◆ **What this task involves**
From the listing below, extract every line in which the word "view" appears.
- Opening Delimiter -
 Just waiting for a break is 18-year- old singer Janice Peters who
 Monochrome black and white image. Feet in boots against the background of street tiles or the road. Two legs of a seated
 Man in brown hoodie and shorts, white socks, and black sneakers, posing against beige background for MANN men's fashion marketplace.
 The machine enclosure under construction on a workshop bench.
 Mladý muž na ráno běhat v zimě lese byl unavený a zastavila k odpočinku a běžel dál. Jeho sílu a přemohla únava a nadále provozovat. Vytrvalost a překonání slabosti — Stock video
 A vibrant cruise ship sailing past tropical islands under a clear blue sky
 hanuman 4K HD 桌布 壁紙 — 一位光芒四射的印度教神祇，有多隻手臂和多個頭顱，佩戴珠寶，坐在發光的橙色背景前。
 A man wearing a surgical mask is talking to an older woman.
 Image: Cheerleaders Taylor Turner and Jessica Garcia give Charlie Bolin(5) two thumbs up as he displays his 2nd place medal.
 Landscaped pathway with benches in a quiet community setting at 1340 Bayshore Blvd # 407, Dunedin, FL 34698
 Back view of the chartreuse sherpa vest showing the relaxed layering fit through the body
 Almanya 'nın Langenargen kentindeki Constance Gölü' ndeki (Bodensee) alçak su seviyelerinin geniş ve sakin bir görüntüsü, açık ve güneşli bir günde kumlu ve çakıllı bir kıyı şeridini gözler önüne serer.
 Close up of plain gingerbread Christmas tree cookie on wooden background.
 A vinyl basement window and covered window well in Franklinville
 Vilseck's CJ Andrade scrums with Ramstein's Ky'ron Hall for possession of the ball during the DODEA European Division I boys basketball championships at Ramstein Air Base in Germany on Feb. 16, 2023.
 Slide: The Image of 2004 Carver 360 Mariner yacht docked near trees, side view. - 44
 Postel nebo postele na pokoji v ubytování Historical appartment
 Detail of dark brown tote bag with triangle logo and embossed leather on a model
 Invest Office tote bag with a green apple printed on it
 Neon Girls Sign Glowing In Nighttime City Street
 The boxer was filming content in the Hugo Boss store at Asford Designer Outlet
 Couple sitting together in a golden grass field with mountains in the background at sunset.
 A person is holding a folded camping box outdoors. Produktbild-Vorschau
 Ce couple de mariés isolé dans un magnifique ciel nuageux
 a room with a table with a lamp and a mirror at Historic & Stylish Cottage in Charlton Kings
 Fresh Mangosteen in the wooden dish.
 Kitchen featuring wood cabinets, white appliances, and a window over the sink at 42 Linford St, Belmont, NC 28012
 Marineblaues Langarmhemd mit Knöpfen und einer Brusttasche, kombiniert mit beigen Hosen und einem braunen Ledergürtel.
- Closing Delimiter -
◆ **Answer box**
 Back view of the chartreuse sherpa vest showing the relaxed layering fit through the body
 Slide: The Image of 2004 Carver 360 Mariner yacht docked near trees, side view. - 44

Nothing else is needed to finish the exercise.